I found a Day One bug in some unit test code today that I wrote in 2014, nine years ago. What caused the bug to show up now? I had botched where I had put a thread scheduling yield function call relative to a critical section in the unit test. Apparently this is the first time I have ported this multi-threaded C code to a single-core processor - in this instance, a Raspberry Pi Zero.
This is remarkable. As someone said when I related this story to them, it's not uncommon to uncover bugs in code being ported from single core to multi-core processors, but the opposite transition happens seldom enough that this kind of event is rare.
For most of my career - which began before microprocessors even existed - all such computer chips were single core, that is: capable of executing only a single machine instruction at a time. I started writing this library, Diminuto, for a single core ARM4 processor in 2008. But it didn't take long to migrate to inexpensive ARM and Intel chips that could execute more than one instruction at a time. Today, I routinely use small development and test machines that have four or even eight processor cores.
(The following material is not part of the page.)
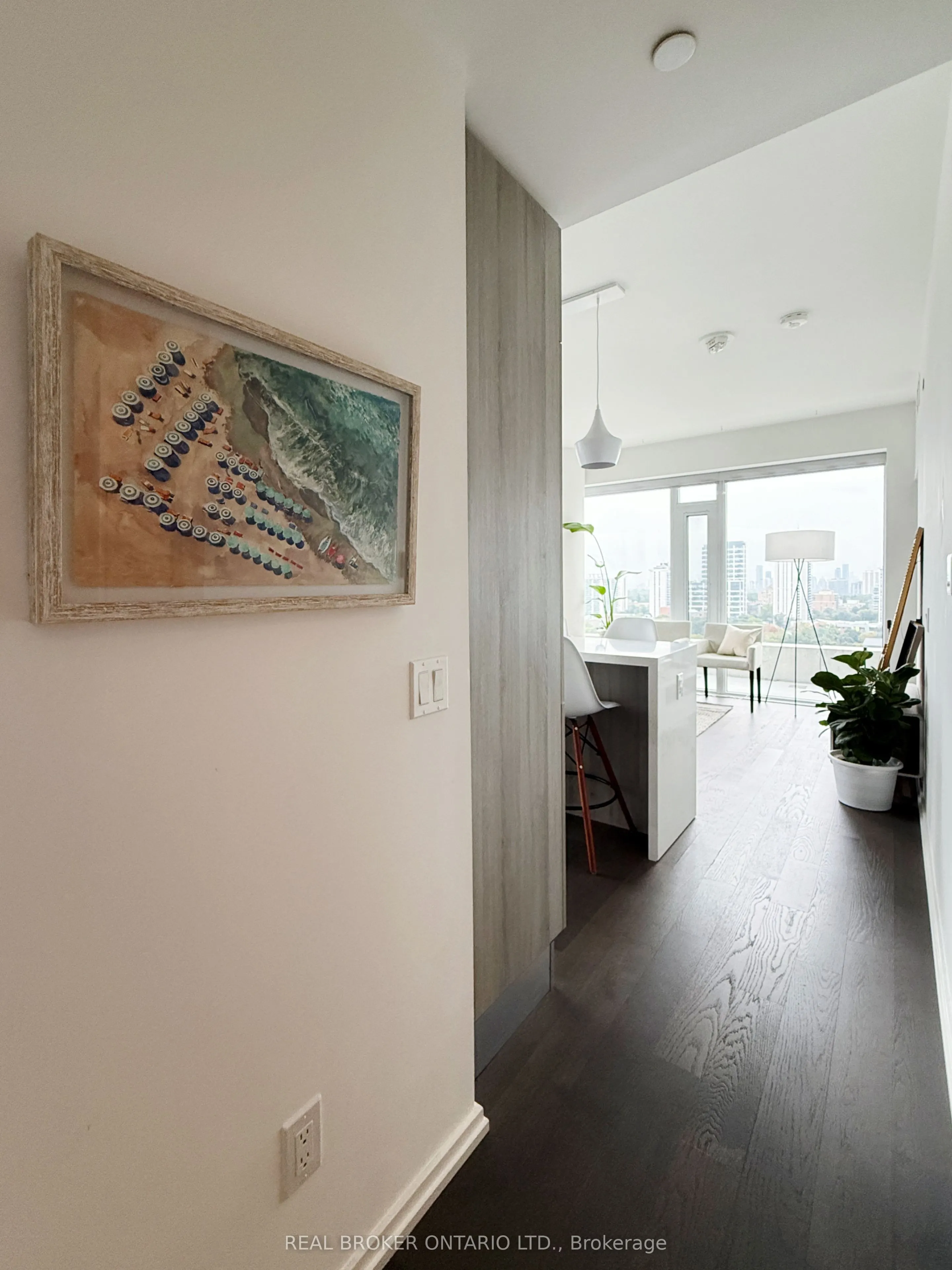 5 Soudan Avenue, #2004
As a former colleague of mine, who I met when I worked in Boulder at the National Center for Atmospheric Research and he with Seymour Cray at Cray Computer Company in Colorado Springs, once remarked, your Raspberry Pi 4B single board computer can, by most metrics, outperform Seymour's last supercomputer, the Cray-3 a.k.a. "The Fish Bowl".
The evolution of multi-core microprocessors was largely motivated by, IMNSHO, the end of Moore's Law, at which point doing stuff in parallel was the only way to produce faster microprocessors... faster, at least, for those applications which could take advantage of them. See also: Amdahl's Law.
Yes, that's a young(er) iteration of me leaning on a Cray-3 in NCAR's computer room at their Mesa Laboratory in Boulder Colorado. Compared to what we can do with computers today, those were the old days, but not necessarily the good old days.